United Breweries Ltd, the beer manufacturer, has recorded a 16.09% decrease in its consolidated net profit for the first quarter of June 2023, amounting to INR 136.34 crore. The decline can be attributed to several factors, including supply challenges, reduced inter-state sales, and the ongoing inflation, which collectively affected the company’s volumes during the period.
In a regulatory filing on Friday, United Breweries Ltd (UBL) revealed that the company, which is under the control of the Dutch multinational brewing company Heineken NV, had recorded a net profit of INR 162.50 crore in the April-June quarter of the previous year.

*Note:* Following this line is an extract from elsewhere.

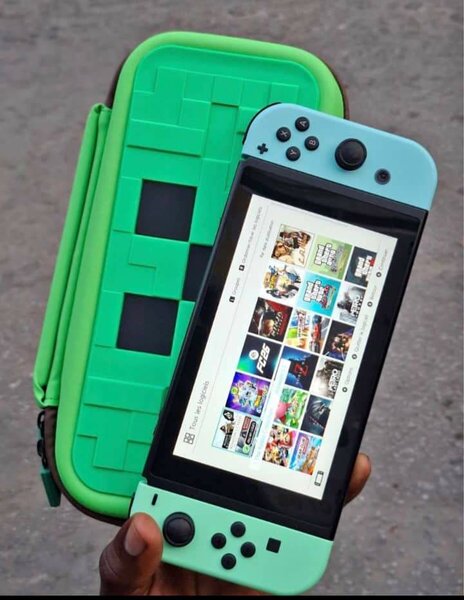 Nintendo Switch Lite - Console de jeu portable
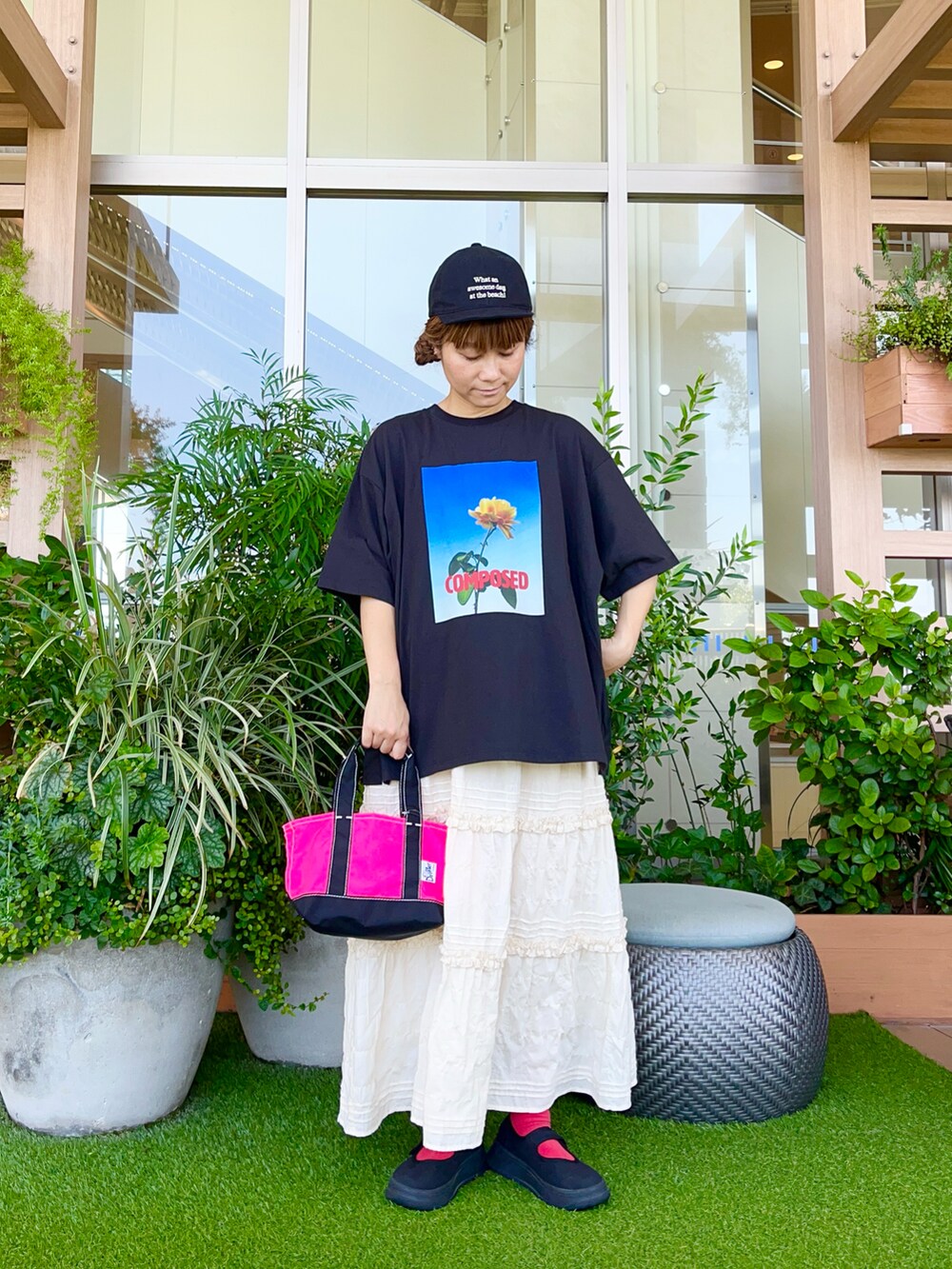 ブラック系のTシャツ/カットソーを着用したレディースの冬コーディネートの2枚目の写真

UBL’s revenue from operations was almost flat to INR 5,243.01 crore during the quarter under review. It stood at INR 5,196.08 crore in the corresponding period of FY22.
“Q1 volumes impacted by RTM (root to market) changes, supply challenges & lower inter-state sales,” said an earning presentation from UBL.
It had a volume decline of 12 per cent in the June quarter driven by Tamil Nadu, Andhra Pradesh, Delhi and Haryana. In the premium segment, the volume decline was 21 per cent.
“Gross Profit predominantly impacted by volume decline & COGS (Cost of Goods Sold) inflation with GP margin 369bps down,” it said.
Besides, it has price increases in key markets including Rajasthan, Uttar Pradesh and Karnataka.
UBL’s total expenses were at INR 5,072.96 crore, up 1.69 per cent in the first quarter of FY 2023-24, as against INR 4,988.37 crore a year ago.
Its total income in the June quarter was at INR 5,253.43 crore.
“Capex during the quarter was INR 45 crore, primarily in supply chain initiatives,” said UBL’s earning statement.
Over the outlook, UBL said inflationary pressure on the cost base is expected to soften in the near-term but volatility will remain.
“We continue to focus on revenue management and cost initiatives, to drive margin accretion,” it said.
It is building further category growth while driving the share of premium in its portfolio remains a key focus
“We remain optimistic on the long-term growth potential of the industry, driven by increasing disposable income, favourable demographics and premiumisation,” said UBL.